> Instructions for the task
Below are some records; output exactly the lines from the line with "Barcelona Home Jersey" to the line with "Rustikale Strandsterne &", both ends kept, and nothing more.

> Listed records
--- START ---

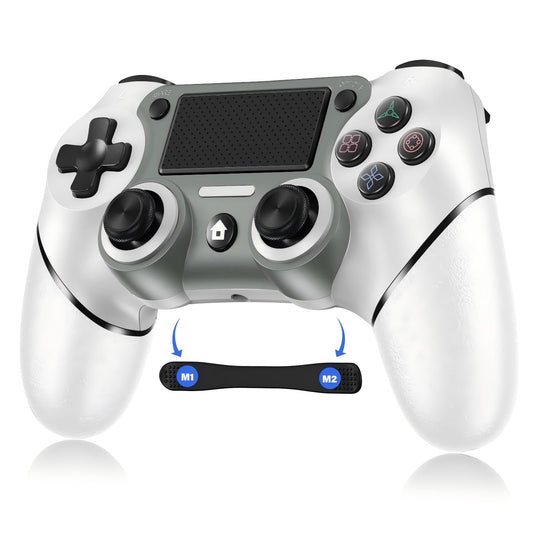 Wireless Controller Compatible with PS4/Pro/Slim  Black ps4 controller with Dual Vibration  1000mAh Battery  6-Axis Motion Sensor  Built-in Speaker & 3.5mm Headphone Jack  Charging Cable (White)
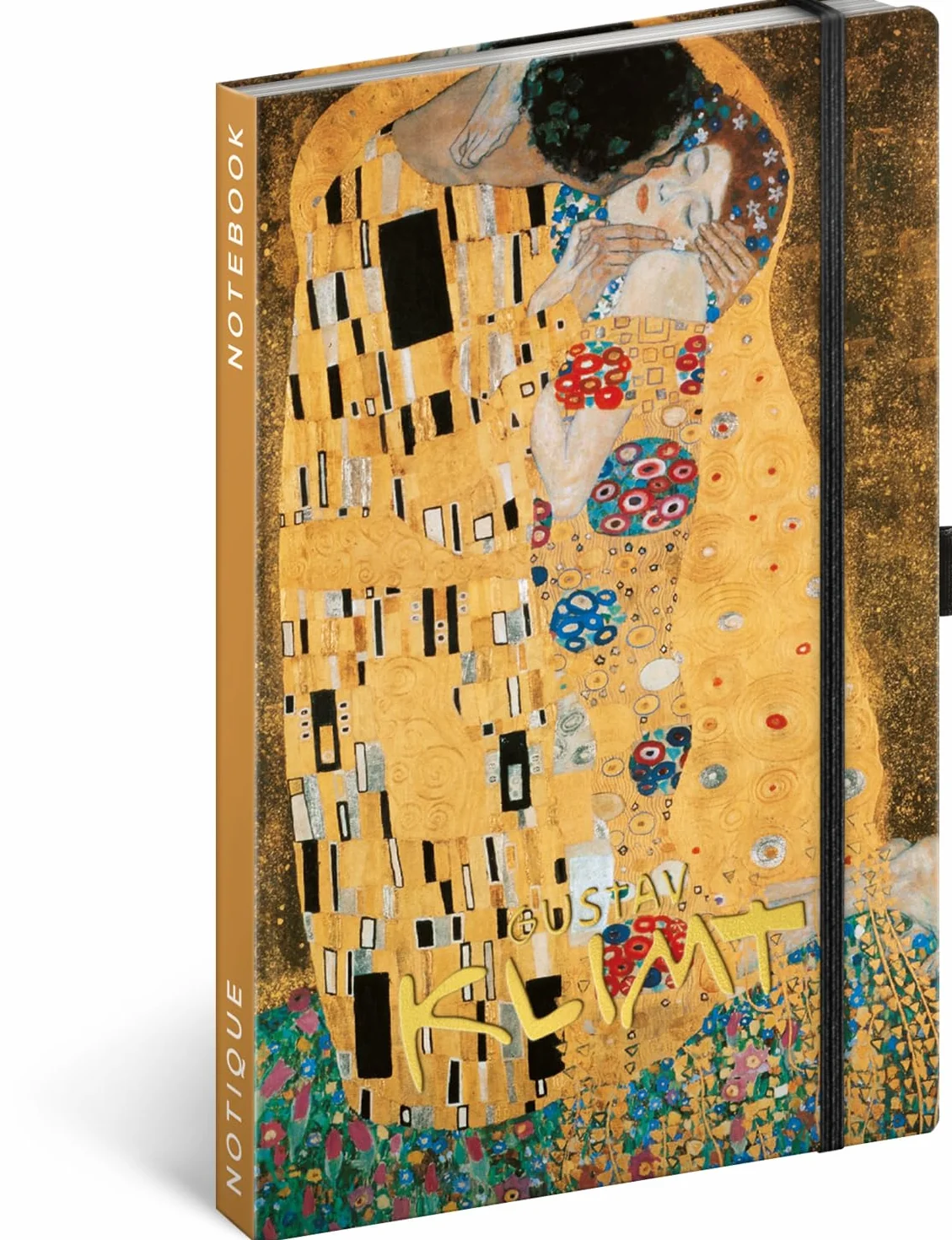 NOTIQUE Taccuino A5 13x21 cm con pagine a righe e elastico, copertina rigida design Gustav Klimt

--- END ---
--- START ---

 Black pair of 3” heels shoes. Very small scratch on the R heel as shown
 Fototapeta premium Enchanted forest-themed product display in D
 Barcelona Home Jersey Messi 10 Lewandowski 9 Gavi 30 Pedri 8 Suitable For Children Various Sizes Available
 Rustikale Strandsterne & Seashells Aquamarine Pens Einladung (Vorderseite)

--- END ---

> Expected output
 Barcelona Home Jersey Messi 10 Lewandowski 9 Gavi 30 Pedri 8 Suitable For Children Various Sizes Available
 Rustikale Strandsterne & Seashells Aquamarine Pens Einladung (Vorderseite)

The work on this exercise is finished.